[Image-text web data]

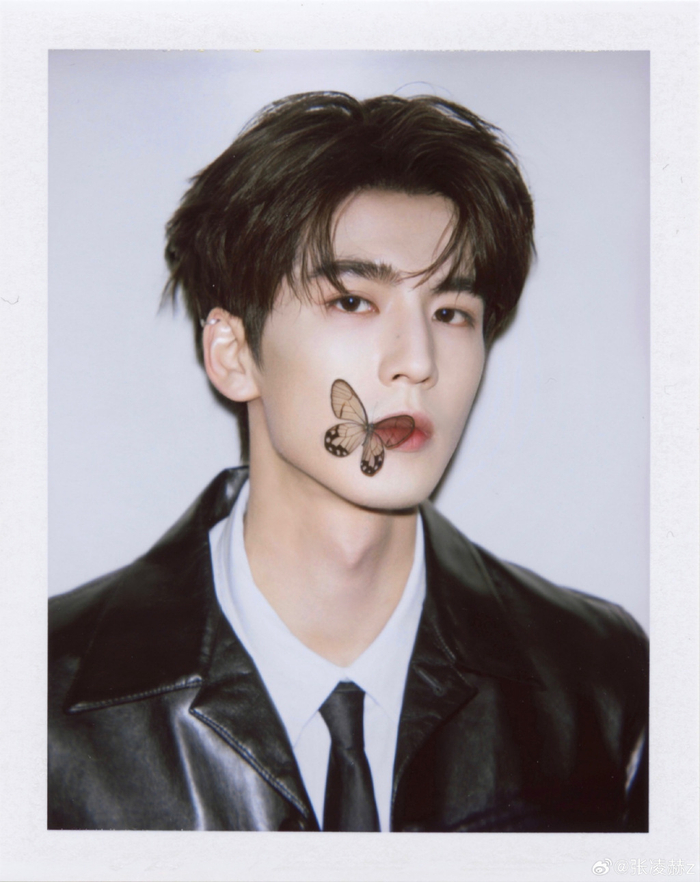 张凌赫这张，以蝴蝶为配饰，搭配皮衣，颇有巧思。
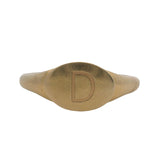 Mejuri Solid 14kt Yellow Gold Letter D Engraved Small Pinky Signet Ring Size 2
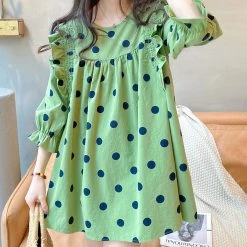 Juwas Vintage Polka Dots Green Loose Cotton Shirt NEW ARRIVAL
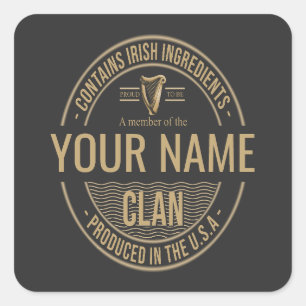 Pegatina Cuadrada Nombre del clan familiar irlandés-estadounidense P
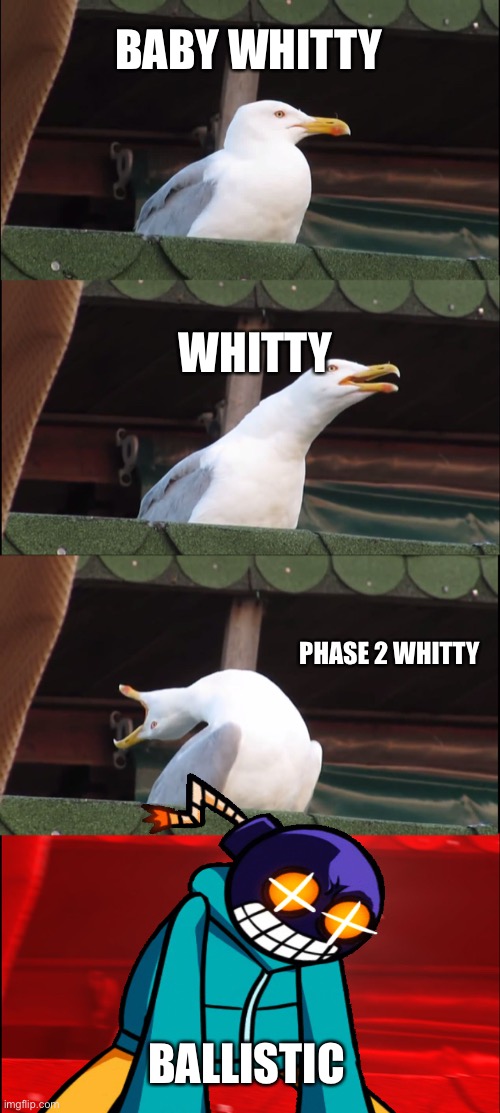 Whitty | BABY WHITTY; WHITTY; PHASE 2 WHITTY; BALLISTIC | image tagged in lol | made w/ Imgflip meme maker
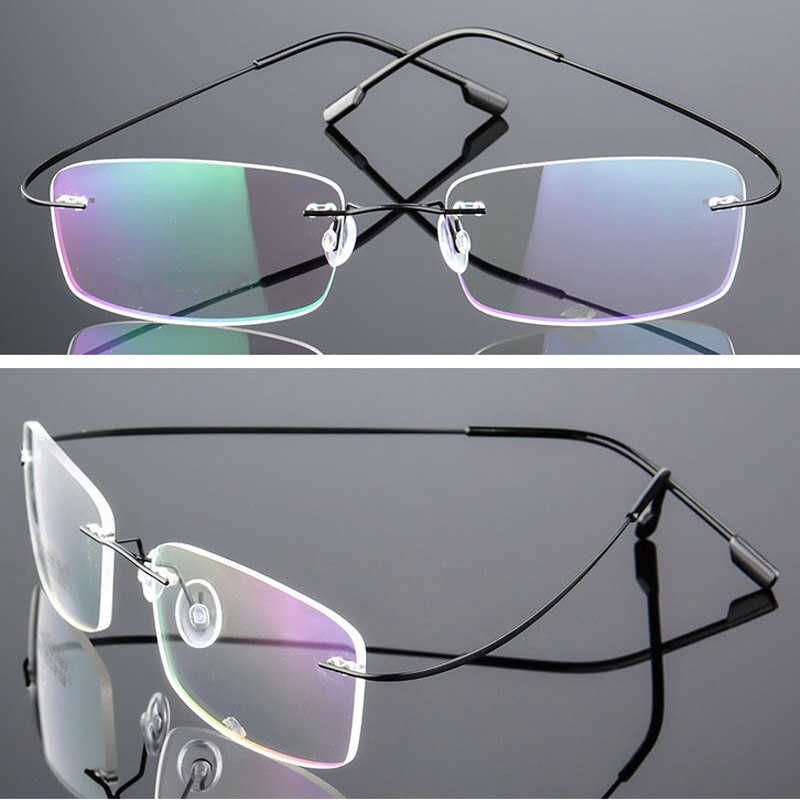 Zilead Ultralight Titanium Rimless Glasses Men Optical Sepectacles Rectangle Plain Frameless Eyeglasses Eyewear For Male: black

- **Required action**
The expected output is an exact retyping of the lines from the line with "Mejuri Solid 14kt" through the last line of the data, with both ends kept and the pictures dropped.

- **Exercise result**
 Mejuri Solid 14kt Yellow Gold Letter D Engraved Small Pinky Signet Ring Size 2
 Juwas Vintage Polka Dots Green Loose Cotton Shirt NEW ARRIVAL
 Pegatina Cuadrada Nombre del clan familiar irlandés-estadounidense P
 Whitty | BABY WHITTY; WHITTY; PHASE 2 WHITTY; BALLISTIC | image tagged in lol | made w/ Imgflip meme maker
 Zilead Ultralight Titanium Rimless Glasses Men Optical Sepectacles Rectangle Plain Frameless Eyeglasses Eyewear For Male: black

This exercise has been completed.